WHAT TO DO —
Using only the entries below, copy exactly the lines that begin at the one with "Moekki Kalliola * Puumala" and end at the one with "American Eagle Outfitters", both included. Drop the pictures.

INPUT DATA —
****
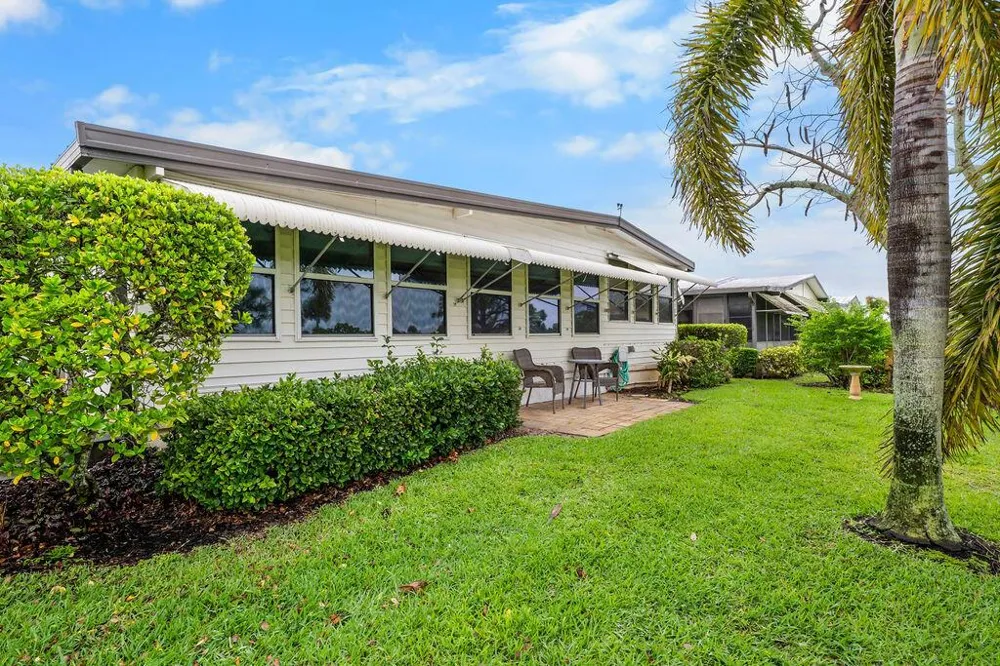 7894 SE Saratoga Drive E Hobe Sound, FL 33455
****
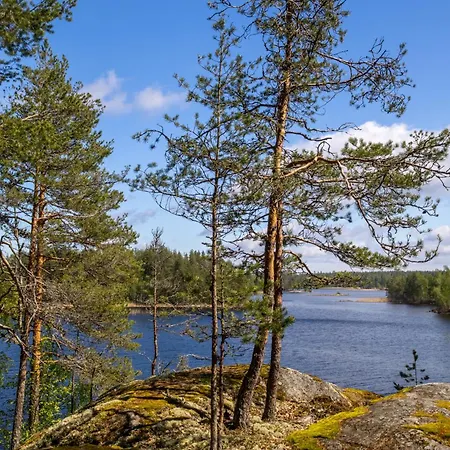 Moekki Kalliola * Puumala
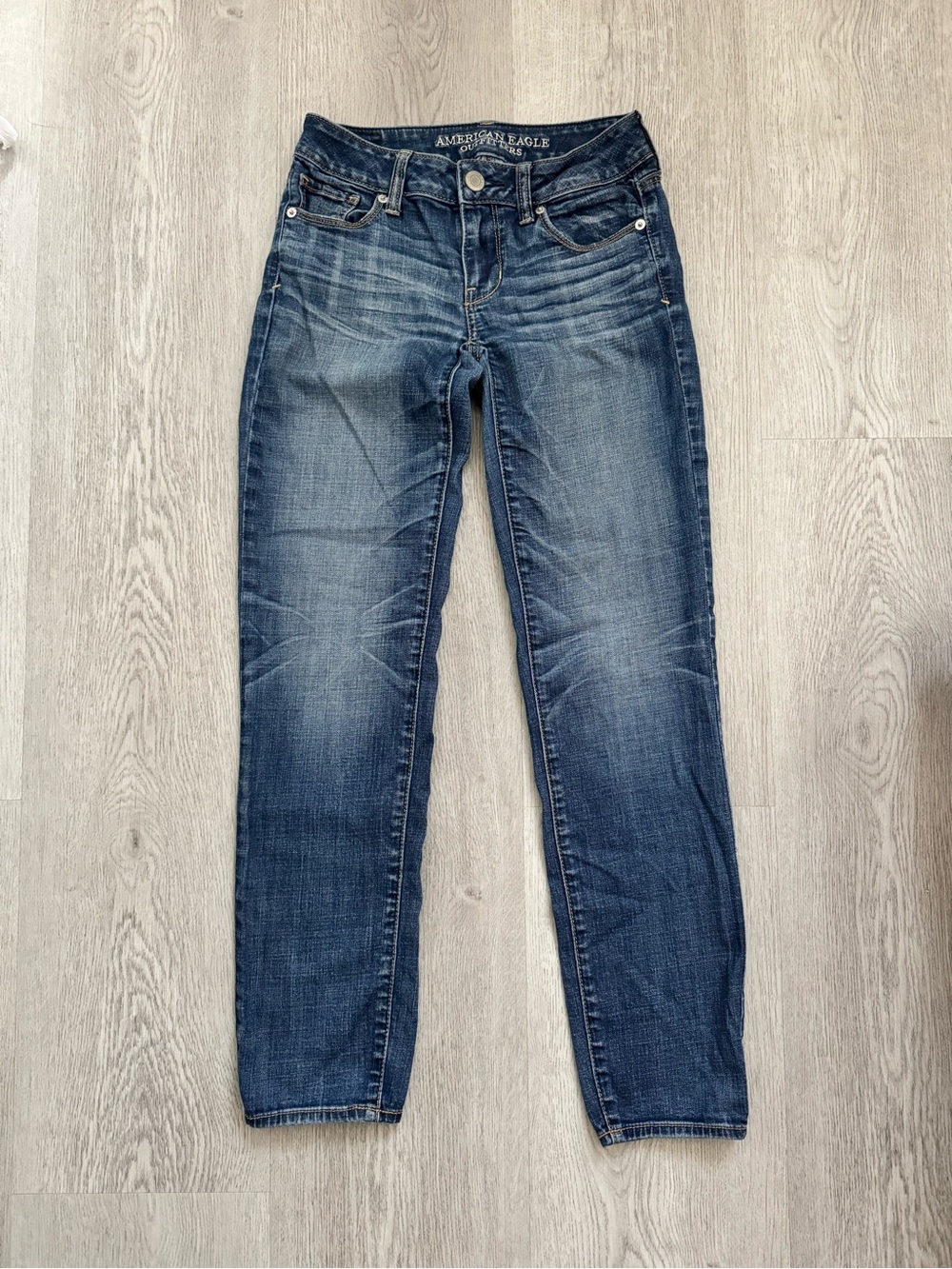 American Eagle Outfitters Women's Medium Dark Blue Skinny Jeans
****
ANSWER SPACE —
 Moekki Kalliola * Puumala
 American Eagle Outfitters Women's Medium Dark Blue Skinny Jeans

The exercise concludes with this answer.